[Data items]
%%
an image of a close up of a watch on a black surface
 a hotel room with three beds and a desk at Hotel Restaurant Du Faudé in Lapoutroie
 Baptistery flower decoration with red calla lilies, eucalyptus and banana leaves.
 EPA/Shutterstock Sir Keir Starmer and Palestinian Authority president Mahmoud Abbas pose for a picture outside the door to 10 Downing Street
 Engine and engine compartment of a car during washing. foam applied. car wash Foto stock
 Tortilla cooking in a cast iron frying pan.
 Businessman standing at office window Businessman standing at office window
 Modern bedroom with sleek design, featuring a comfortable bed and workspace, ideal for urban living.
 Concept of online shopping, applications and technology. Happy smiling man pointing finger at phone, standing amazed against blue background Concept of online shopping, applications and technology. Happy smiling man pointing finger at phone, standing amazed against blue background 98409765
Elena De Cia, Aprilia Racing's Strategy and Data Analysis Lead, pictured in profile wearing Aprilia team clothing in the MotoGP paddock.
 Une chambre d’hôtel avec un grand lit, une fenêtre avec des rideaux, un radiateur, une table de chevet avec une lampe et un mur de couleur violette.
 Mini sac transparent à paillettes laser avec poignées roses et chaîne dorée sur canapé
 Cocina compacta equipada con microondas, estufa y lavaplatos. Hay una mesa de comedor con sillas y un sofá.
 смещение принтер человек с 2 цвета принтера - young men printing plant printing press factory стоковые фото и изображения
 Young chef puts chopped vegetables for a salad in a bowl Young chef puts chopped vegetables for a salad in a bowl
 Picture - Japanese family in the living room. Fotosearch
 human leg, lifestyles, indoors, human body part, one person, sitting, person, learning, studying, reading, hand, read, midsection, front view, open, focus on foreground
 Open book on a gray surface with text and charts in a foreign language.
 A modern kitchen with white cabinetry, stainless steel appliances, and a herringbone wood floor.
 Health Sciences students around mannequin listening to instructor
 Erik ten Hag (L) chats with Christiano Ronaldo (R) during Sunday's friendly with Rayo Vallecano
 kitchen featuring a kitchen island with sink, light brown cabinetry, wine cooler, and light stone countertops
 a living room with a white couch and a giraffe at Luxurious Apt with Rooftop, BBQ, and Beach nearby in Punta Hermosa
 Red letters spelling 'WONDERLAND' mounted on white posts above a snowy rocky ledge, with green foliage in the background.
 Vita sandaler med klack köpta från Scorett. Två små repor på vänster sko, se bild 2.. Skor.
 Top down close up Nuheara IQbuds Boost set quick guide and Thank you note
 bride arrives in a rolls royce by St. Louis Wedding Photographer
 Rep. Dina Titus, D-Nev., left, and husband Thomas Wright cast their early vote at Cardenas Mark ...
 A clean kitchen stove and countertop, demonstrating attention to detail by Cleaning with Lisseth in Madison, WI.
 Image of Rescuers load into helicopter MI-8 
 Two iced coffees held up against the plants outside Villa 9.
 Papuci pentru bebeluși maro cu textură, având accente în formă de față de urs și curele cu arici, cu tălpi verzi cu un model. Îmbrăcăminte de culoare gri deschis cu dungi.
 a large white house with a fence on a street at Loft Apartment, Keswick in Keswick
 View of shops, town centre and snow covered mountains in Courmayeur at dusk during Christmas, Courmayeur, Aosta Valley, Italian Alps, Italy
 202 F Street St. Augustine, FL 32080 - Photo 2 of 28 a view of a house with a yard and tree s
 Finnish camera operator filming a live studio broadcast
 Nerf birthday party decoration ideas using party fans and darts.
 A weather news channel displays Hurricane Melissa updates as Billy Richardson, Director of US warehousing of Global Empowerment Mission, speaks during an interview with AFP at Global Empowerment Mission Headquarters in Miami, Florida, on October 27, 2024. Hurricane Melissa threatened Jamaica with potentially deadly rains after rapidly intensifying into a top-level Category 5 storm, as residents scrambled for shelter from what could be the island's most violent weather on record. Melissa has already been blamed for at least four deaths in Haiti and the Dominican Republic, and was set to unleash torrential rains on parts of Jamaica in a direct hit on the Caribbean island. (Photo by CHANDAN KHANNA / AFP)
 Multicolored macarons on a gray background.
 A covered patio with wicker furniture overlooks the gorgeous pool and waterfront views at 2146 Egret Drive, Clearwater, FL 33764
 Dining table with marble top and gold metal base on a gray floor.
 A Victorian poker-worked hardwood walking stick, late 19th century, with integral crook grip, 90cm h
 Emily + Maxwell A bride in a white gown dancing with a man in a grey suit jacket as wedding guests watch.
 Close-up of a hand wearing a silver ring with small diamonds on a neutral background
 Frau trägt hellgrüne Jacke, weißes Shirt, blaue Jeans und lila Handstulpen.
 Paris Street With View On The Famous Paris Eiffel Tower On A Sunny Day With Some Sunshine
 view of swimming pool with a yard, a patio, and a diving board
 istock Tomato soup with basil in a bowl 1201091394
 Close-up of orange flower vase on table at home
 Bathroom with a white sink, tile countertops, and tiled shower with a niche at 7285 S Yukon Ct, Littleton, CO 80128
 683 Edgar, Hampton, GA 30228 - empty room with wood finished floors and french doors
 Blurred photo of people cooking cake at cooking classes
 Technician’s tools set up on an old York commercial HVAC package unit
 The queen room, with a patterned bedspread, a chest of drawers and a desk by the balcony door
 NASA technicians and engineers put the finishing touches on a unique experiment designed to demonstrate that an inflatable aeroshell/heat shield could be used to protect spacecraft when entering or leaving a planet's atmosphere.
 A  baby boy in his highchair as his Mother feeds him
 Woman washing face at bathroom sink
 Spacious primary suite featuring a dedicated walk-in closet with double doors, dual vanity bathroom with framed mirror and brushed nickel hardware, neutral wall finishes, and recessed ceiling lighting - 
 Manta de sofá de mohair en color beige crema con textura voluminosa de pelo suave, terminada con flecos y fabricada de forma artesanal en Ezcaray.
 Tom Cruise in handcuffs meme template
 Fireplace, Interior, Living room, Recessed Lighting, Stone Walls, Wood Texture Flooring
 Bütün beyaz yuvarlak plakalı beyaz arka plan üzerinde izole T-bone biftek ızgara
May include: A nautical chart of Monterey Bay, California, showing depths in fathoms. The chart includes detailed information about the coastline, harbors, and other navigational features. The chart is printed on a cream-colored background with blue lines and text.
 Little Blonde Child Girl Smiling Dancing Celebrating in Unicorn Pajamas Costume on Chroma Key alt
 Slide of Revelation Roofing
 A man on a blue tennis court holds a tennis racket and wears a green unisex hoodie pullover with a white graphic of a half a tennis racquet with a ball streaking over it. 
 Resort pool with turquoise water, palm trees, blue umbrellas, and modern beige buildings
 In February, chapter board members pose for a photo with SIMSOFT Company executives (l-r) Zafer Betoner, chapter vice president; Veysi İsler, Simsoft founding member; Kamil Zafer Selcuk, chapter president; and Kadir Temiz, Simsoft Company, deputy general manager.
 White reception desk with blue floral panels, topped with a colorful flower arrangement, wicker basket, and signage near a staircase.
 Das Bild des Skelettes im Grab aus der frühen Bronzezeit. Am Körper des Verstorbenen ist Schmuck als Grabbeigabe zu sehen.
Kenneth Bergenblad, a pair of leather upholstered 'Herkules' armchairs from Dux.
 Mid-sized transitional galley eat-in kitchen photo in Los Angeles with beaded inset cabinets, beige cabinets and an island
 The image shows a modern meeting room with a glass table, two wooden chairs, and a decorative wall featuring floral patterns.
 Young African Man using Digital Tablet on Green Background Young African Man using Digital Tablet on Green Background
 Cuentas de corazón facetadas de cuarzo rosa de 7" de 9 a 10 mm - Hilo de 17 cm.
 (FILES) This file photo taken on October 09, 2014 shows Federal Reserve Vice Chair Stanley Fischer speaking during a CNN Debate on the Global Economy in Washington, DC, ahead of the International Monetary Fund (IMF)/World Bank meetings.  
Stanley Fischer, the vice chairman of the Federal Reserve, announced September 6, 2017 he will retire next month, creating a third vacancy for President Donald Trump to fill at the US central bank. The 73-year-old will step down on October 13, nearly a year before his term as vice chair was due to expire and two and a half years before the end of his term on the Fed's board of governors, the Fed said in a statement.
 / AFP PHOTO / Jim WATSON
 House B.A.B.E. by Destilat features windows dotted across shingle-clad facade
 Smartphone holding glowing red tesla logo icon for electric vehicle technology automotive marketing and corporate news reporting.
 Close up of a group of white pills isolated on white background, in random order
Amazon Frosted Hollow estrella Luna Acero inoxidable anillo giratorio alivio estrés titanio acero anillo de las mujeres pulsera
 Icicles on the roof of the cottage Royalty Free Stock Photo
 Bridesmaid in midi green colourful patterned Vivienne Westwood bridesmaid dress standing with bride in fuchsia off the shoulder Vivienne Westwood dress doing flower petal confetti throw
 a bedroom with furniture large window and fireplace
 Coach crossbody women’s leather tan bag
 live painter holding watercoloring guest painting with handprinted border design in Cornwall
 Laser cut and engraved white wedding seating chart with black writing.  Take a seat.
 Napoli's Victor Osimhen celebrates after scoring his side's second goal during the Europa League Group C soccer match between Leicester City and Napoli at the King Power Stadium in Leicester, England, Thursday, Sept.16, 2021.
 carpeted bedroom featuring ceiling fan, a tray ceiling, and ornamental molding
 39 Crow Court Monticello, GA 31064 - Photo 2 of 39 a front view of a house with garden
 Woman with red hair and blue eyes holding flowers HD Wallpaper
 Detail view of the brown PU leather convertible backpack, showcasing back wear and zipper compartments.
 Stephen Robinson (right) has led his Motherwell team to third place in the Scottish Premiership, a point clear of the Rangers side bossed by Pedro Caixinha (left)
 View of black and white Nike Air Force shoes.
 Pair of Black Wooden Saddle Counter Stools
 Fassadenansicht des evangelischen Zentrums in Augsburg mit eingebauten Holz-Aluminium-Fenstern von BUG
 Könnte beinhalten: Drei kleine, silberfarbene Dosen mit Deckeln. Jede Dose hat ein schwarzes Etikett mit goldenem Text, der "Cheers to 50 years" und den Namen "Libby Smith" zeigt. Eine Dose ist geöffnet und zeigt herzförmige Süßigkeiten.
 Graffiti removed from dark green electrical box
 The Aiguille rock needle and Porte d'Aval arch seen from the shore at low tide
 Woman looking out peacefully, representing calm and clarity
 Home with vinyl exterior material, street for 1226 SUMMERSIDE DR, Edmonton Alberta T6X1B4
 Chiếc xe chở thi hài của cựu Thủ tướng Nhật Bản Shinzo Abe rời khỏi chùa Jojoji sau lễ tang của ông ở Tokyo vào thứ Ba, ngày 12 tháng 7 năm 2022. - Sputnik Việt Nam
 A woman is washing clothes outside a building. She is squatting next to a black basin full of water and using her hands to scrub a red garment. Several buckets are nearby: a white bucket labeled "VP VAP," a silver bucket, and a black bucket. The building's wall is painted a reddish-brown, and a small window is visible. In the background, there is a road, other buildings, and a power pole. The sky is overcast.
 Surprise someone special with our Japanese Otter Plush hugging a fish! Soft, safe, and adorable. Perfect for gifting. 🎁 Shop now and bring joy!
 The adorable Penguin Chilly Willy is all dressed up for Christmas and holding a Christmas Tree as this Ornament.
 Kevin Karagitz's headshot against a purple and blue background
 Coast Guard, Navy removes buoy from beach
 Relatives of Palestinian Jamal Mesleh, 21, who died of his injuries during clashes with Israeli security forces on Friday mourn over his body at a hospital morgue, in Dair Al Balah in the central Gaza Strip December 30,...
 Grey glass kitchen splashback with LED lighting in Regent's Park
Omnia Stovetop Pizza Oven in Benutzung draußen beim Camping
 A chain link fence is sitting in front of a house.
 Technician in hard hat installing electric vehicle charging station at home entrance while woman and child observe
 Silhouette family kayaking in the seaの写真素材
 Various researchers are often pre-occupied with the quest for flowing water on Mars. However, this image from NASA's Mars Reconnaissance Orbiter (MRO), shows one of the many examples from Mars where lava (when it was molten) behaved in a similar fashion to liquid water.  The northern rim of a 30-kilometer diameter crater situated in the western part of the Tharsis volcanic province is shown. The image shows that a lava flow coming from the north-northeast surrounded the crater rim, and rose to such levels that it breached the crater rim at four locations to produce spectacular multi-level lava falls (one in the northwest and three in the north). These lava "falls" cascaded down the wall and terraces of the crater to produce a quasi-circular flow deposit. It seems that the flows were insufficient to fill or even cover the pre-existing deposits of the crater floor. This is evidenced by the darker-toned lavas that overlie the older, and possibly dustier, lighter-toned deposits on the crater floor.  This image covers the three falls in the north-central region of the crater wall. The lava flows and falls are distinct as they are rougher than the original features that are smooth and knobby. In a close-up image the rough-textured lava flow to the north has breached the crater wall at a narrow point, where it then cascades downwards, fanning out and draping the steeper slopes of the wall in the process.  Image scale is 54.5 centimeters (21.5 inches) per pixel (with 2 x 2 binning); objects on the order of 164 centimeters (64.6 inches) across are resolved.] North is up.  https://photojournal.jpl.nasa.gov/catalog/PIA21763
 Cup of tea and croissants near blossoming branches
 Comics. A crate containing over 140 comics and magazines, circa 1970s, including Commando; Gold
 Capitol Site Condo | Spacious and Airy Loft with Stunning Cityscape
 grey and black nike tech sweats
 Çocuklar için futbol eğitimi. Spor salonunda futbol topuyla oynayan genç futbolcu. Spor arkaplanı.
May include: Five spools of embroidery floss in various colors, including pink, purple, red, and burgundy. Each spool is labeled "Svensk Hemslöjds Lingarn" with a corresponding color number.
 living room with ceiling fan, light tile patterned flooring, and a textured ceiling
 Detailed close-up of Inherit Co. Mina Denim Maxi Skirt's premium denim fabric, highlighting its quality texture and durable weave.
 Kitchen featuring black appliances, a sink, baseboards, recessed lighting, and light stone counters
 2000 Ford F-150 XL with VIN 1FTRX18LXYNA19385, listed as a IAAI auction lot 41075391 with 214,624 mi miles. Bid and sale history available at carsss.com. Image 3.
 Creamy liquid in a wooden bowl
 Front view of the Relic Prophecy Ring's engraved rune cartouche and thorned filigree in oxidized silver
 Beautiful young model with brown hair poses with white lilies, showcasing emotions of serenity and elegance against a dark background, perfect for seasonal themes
%%
● **EXERCISE OBJECTIVE**
Transcribe the records above exactly, beginning at the line that contains "The Aiguille rock" and ending with the line that contains "Coast Guard, Navy removes buoy from beach", both included, and nothing else.

● **REPLY TO THE TASK**
 The Aiguille rock needle and Porte d'Aval arch seen from the shore at low tide
 Woman looking out peacefully, representing calm and clarity
 Home with vinyl exterior material, street for 1226 SUMMERSIDE DR, Edmonton Alberta T6X1B4
 Chiếc xe chở thi hài của cựu Thủ tướng Nhật Bản Shinzo Abe rời khỏi chùa Jojoji sau lễ tang của ông ở Tokyo vào thứ Ba, ngày 12 tháng 7 năm 2022. - Sputnik Việt Nam
 A woman is washing clothes outside a building. She is squatting next to a black basin full of water and using her hands to scrub a red garment. Several buckets are nearby: a white bucket labeled "VP VAP," a silver bucket, and a black bucket. The building's wall is painted a reddish-brown, and a small window is visible. In the background, there is a road, other buildings, and a power pole. The sky is overcast.
 Surprise someone special with our Japanese Otter Plush hugging a fish! Soft, safe, and adorable. Perfect for gifting. 🎁 Shop now and bring joy!
 The adorable Penguin Chilly Willy is all dressed up for Christmas and holding a Christmas Tree as this Ornament.
 Kevin Karagitz's headshot against a purple and blue background
 Coast Guard, Navy removes buoy from beach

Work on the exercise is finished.